I agree with many of you that there is a certain pressure from external sources, and even an air of guilt about not wanting to get pregnant (yet).
I got pregnant at 19, when I was in college. At that time I wasnt even sure I wanted children because growing up I’ve never really been around younger kids and I didnt babysit. The first diaper I changed was my son’s! Thank god my boyfriend knew how, he’s the one who showed me :)
It’s true when they say a child changes your life…But in a good way! Now I can’t see myself without my little boy (he’s four). Let me tell you, life is never boring with a kid…There’s always something new or funny happening everyday :)
To be completely honest though, there were times when I’d be jealous of my friends my age who only had to worry about partying and shopping and who did whatever they wanted when they wanted. But those things cannot be compared to the joys of raising a child, because there are so many!
So at first I thought I was too young but as soon as I had my son and became a parent I knew it was the right time for me.
I am 36, I had my kids at 31 and 33. It worked out well for me – dh and I were together for ages too but we had a blast in our 20s travelling and just partying it up. Sometimes I think about how ‘old’ I will be when/if I am a grandma but that just motivates me to stay in shape and healthy so if I am old, at least I am healthy ;)
I think the right age is whatever works for your family.
I have some single friends who are now looking at adoption or in vitro because they really want kids but there is no partner on the horizon and they are in their late 30’s.
Wow, what a HOT TOPIC:) My husband and I have been married for 15 years and we have one child. We were 24 and 25 when he was born. I’m thinking any age is perfect because you make it perfect. I have to say the vulgar comments that come from family/friends/strangers about an “only” child are very challenging. I believe you should do what feels right for you, not what society thinks is right.
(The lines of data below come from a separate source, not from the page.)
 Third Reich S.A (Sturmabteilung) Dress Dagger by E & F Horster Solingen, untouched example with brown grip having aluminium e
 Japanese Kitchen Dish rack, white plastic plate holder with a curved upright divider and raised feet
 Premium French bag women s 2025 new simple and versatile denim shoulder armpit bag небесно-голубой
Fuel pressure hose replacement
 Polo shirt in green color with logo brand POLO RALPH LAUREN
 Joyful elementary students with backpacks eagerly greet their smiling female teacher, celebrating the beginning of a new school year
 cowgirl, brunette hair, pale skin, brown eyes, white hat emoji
Well, I’m a day late but I wanted to chime in and say my husband and I have been married 10 years (our anniversary is next week) and we are completely and blissfully happy without children and plan on remaining that way. It is my BIGGEST pet peeve when people use the word family to mean “with chilren” because WE are a family, a family of two (well, four if you count the cat and dog, which we do!!). I volunteer for many organizations, I’m a 4-H leader for one, and I can’t imagine how I would fit in all my volunteer hours with kids of my own. Why would I give up helping thousands of kids each year to focus on one or two? Seems selfish and pointless to me.
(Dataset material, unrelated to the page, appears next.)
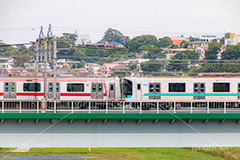 東横線,多摩川,車両,線路,目黒線,すれ違い,電車/鉄道,鉄道橋,橋梁,train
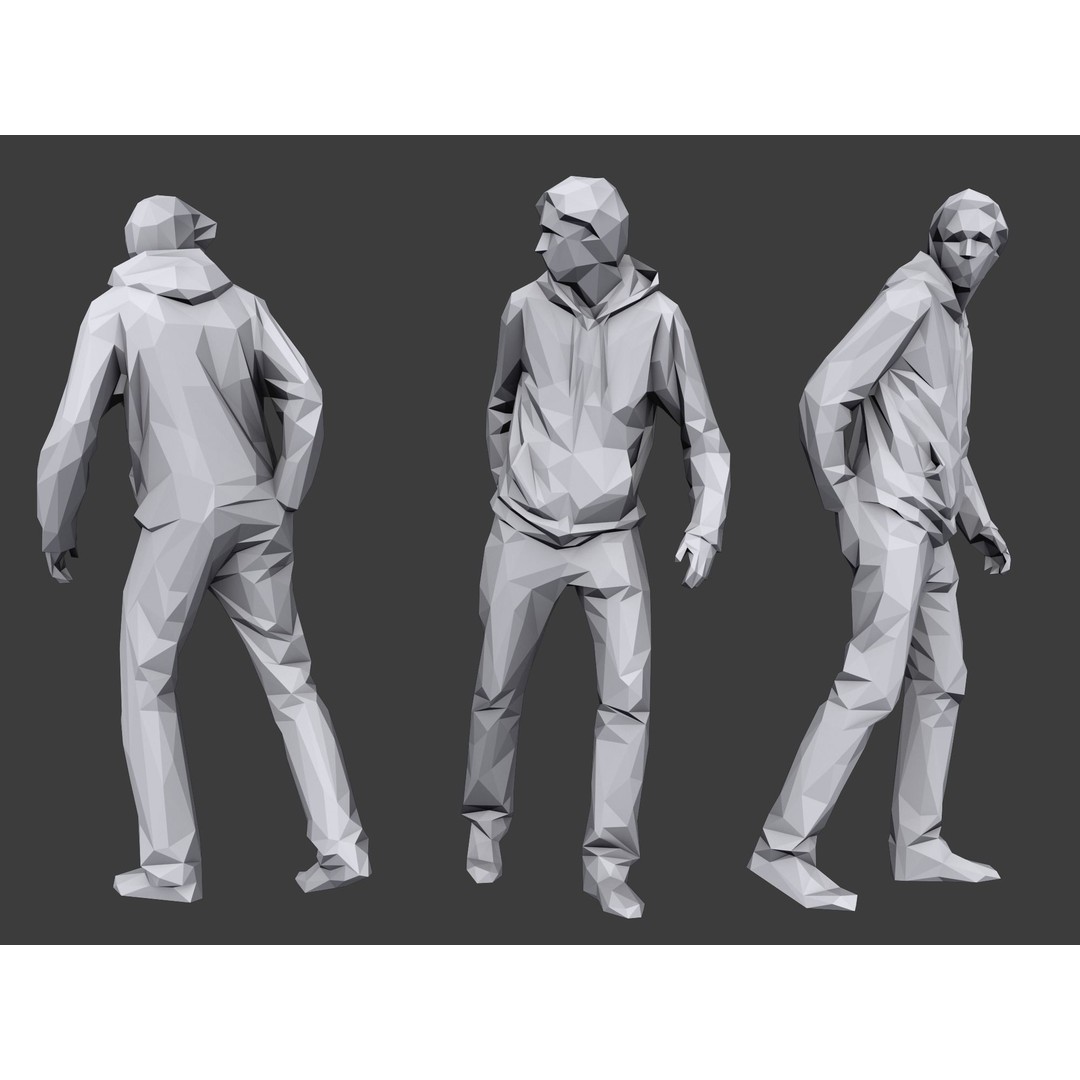 Casual Characters 3D Model – Low Poly Stylized People for Archviz - View 8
what do you think about half of each half
Just found your blog today! Love it!
I always said I wanted to have at least 1 kid by the time I was 30, preferably 2 or 3 by then. Now, I have about 15 days to get pregnant if I want to have 1 by then. I admit, it depresses me, but hey, it is what it is. We’ve been trying for over a year and apparently God doesn’t want us to have them yet! I’m just hoping it’s in the near future because it’s KILLING me with every friend/family member that gets pregnant!
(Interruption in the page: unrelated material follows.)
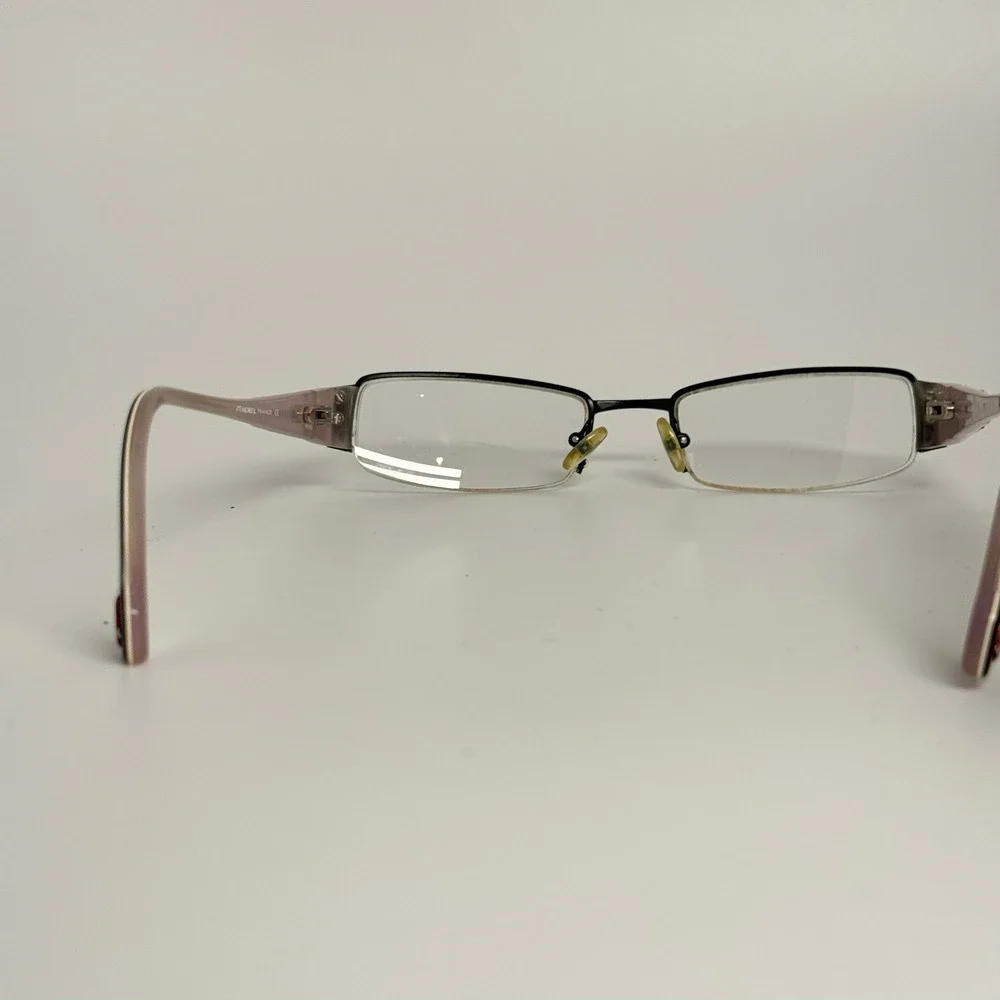 Morel Koali 6312K Black Mauve Rectangular Semi-Rimless Eyeglass Frames 49-18-140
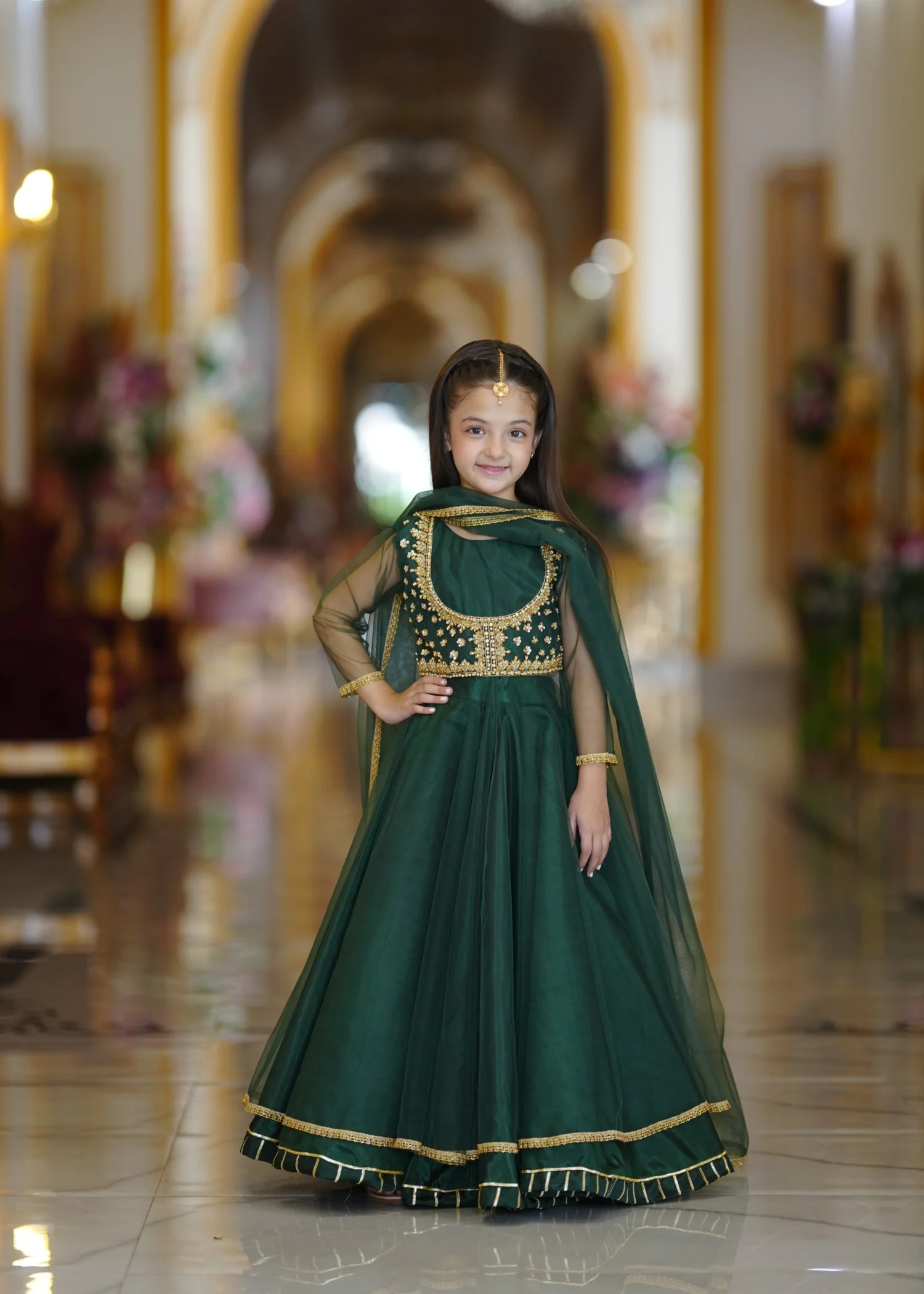 net Lehenga in Bottle green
I would like to be done having kids by the time I’m 30. I want to have them young so I have enough energy to take care of them, and are still young enough to do more traveling when they are grown.
I’ve done a fair bit of traveling already, so I won’t feel like I haven’t “experienced being young” whenever I do have kids.
I’m in a long-term relationship currently, and we are looking to get married next year and then probably start having children a year or so after that.
I’m 22 now, so probably around 24/25 we will start trying.